- Extended edition US DVD cover
- Genre: Musical comedy drama;
- Based on: Lemonade Mouth by Mark Peter Hughes
- Teleplay by: April Blair
- Directed by: Patricia Riggen
- Starring: Bridgit Mendler; Adam Hicks; Hayley Kiyoko; Naomi Scott; Blake Michael;
- Music by: Christopher Lennertz
- Country of origin: United States
- Original language: English

Production
- Executive producer: Debra Martin Chase
- Producer: Matias Alvarez
- Cinematography: Checco Varese
- Editor: Girish Bhargava
- Running time: 106 minutes
- Production companies: Martin Chase Productions; G Wave Productions; American Greetings Productions;

Original release
- Network: Disney Channel
- Release: April 15, 2011

= Lemonade Mouth (film) =

2011 film by Patricia Riggen

Lemonade Mouth is a 2011 American musical comedy drama television film produced by and aired on Disney Channel as one of the network's original films (DCOM). Based on Mark Peter Hughes's 2007 novel of the same name, the film was directed by Patricia Riggen and written by April Blair. It stars Bridgit Mendler, Adam Hicks, Naomi Scott, Hayley Kiyoko and Blake Michael as five high school students who meet in detention and form a band to stand up for their values and to overcome their individual and collective struggles.

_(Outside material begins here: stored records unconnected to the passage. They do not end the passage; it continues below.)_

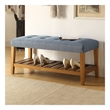 ACME Charla Wood and Fabric Bench in Blue and Oak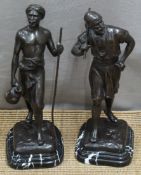 A pair of bronze figures of water carriers after Debut, H33cm
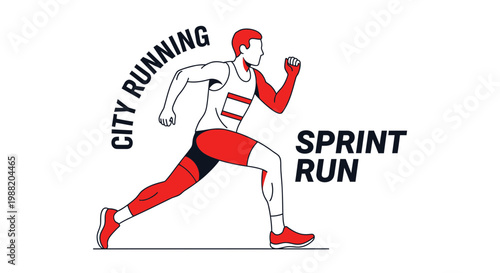 Energetic City Runner Sprinting Forward in Dynamic Vector Illustration Design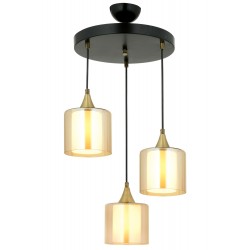 Modi Lighting Mod-4618-3T-BSY-B Siyah Boyalı Modern Avize E27 Metal Cam 40cm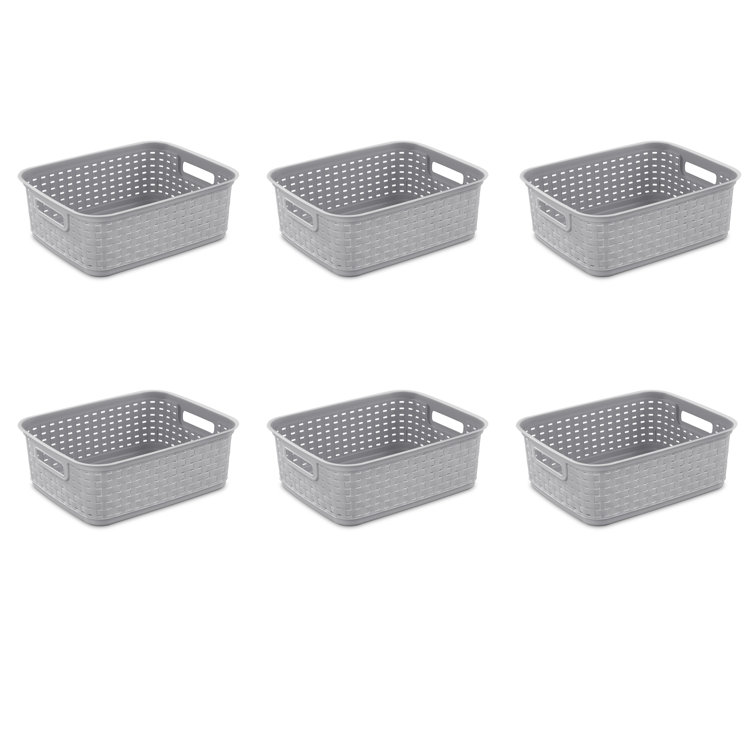Sterilite Cement Gray Short Weave Wicker-Style Storage Basket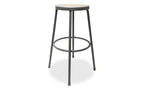 Sgabello da officina industriale Alera in metallo, senza schienale, supporta fino a 136 kg, altezza seduta 76 cm, seduta marrone, base grigia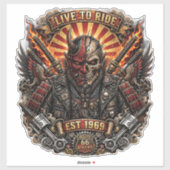 Samurai Oni, Live To Ride Opgericht in 1969 Route Sticker (Vel)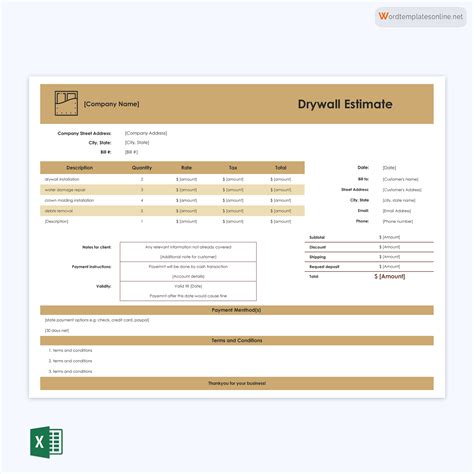 Free Drywall Estimate Templates Word Excel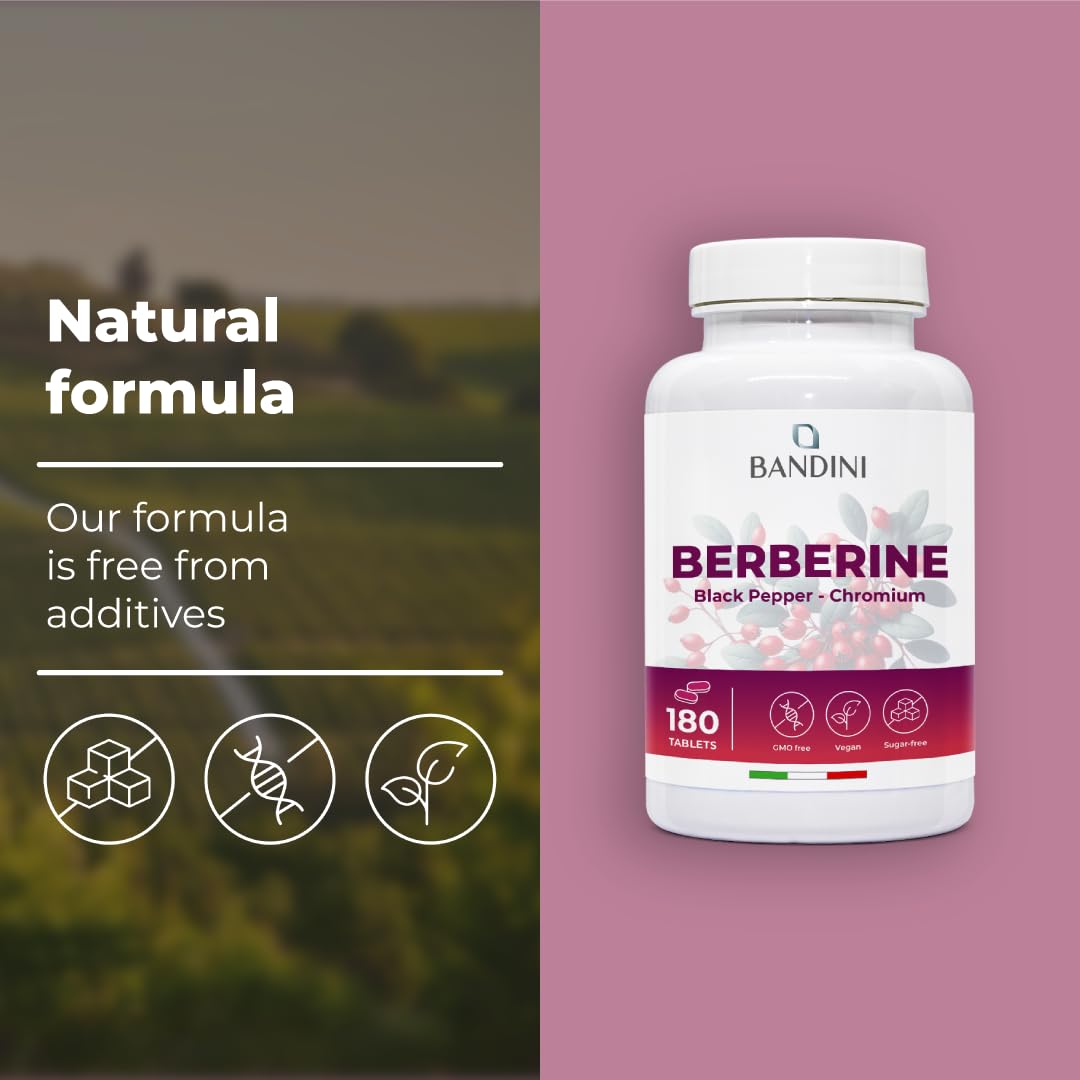 Bandini® Berbérine 1000 Mg - 180 Gélules Pour 3 Mois - Berberis Aristata Avec Chrome Et Poivre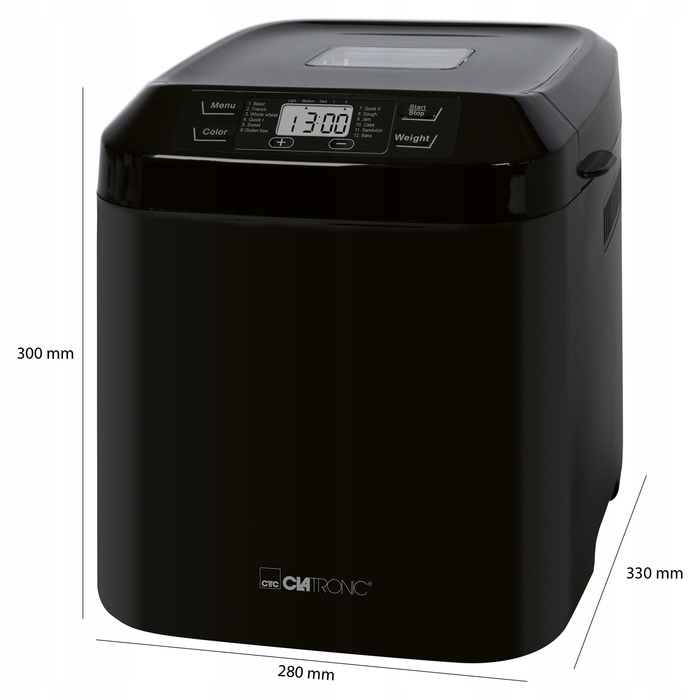 Хлібопічка Clatronic BBA 3774, чорна, 550 Вт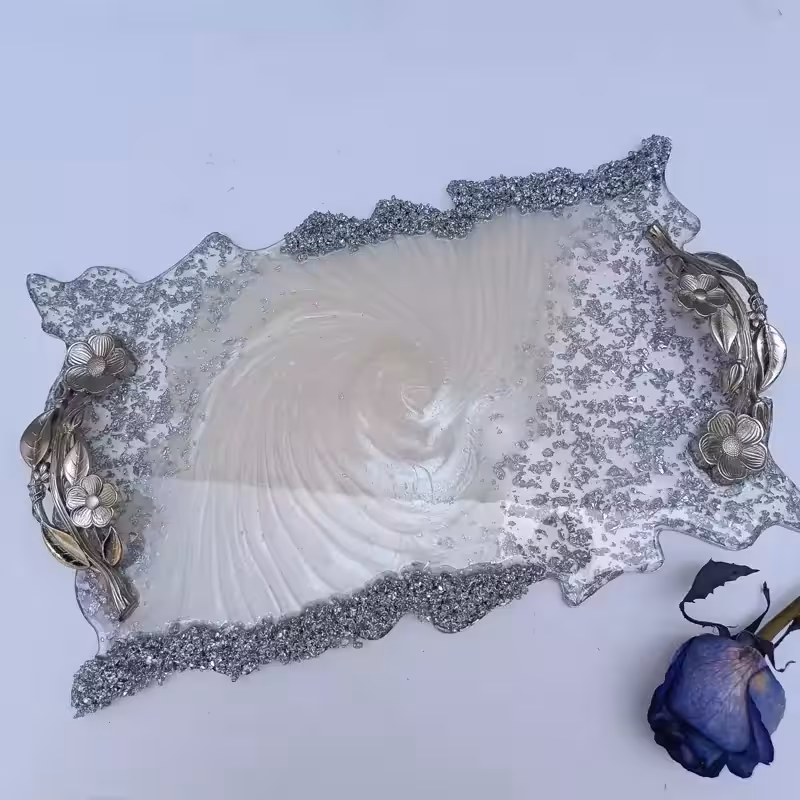 سینی پذیرایی مستطیلی رزینی طرح موج جدید و شیک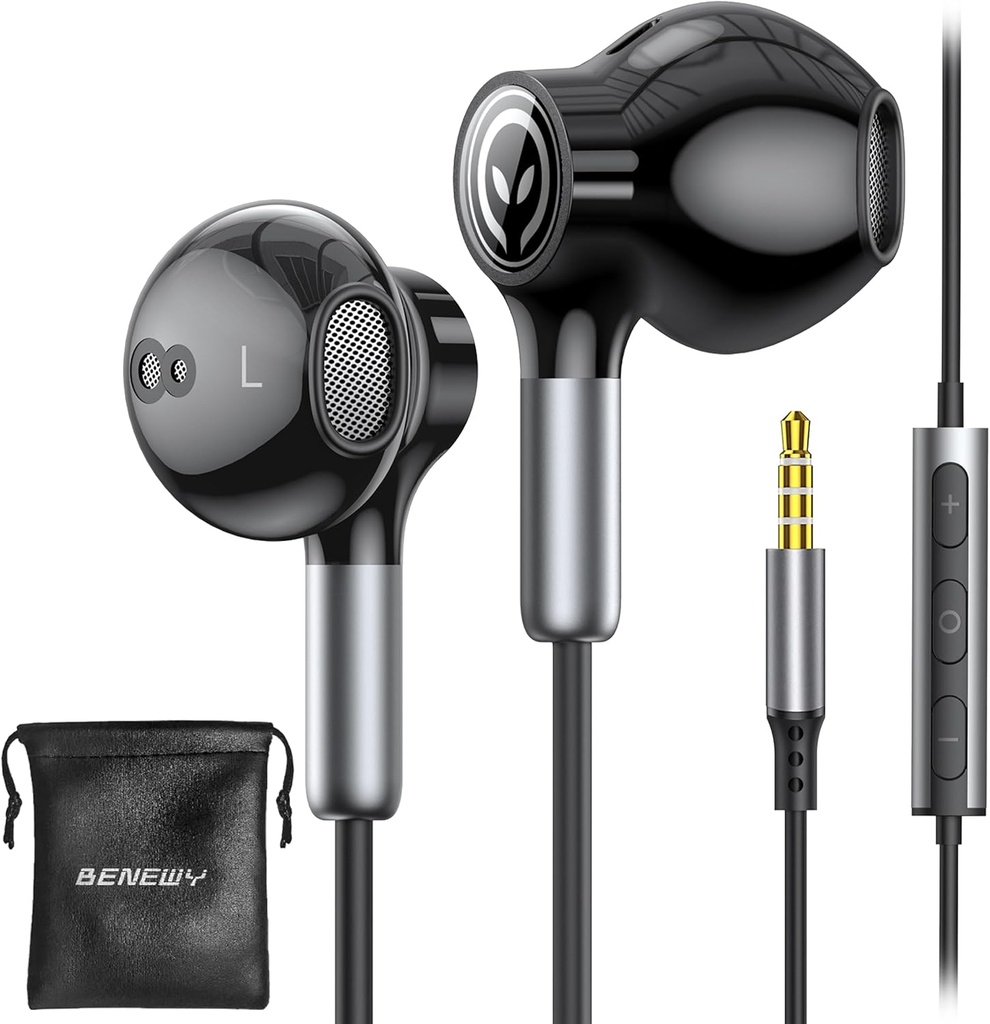 BENEWY Wired Earbuds with Microphone, Wired Earphones in-Ear Headphones, Volume Control, Powerful Bass och Clear Audio, 3,5 mm Jack Earbuds för iPhone, iPad, Laptop, Computer, MP3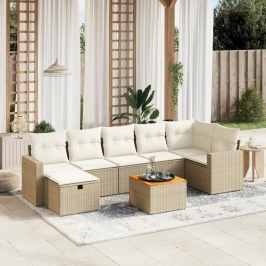 Juego de sofás de jardín con cojines beige 8 pzas ratán PE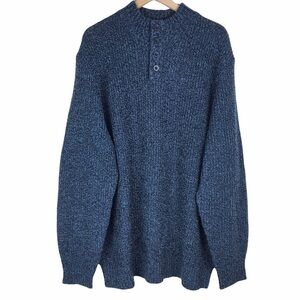 KINGSIZE Sweater Henley Shaker Knit Big Men Navy Marl Crew Cozy Warm Size 3XL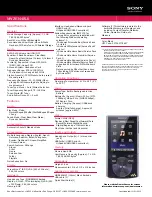 Preview for 2 page of Sony NWZ-E344BLK Specifications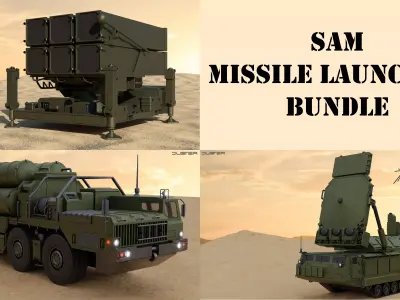 SAM Missile Launcher Bundle Low-poly 3D model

Lemonade Mouth became the third most-watched DCOM premiere of its year with 5.7 million views, and DVR viewing raised the number to 7.1 million. The film earned a Popstar! Poptastic Award and nominations at the Directors Guild of America and Golden Reel Awards. Its soundtrack reached number four on the Billboard 200 and produced the Billboard Hot 100 singles "Somebody", "Determinate" and "Breakthrough".

Lemonade Mouth received positive reviews from critics and audiences, with praise for its direction, performances and themes. In the years following its release, it has been considered one of the best DCOM films.

==Plot==
High school freshmen Olivia White, Mohini "Mo" Banjaree, Charles "Charlie" Delgado, Stella Yamada, and Wendell "Wen" Gifford meet while in detention. When Miss Reznick, the music teacher supervising detention, leaves briefly, they tap out a beat and play instruments, with Olivia singing along. Miss Reznick returns and encourages them to enter the upcoming Rising Star music competition which the winner will get a record deal, which popular band Mudslide Crush is also slated to perform in.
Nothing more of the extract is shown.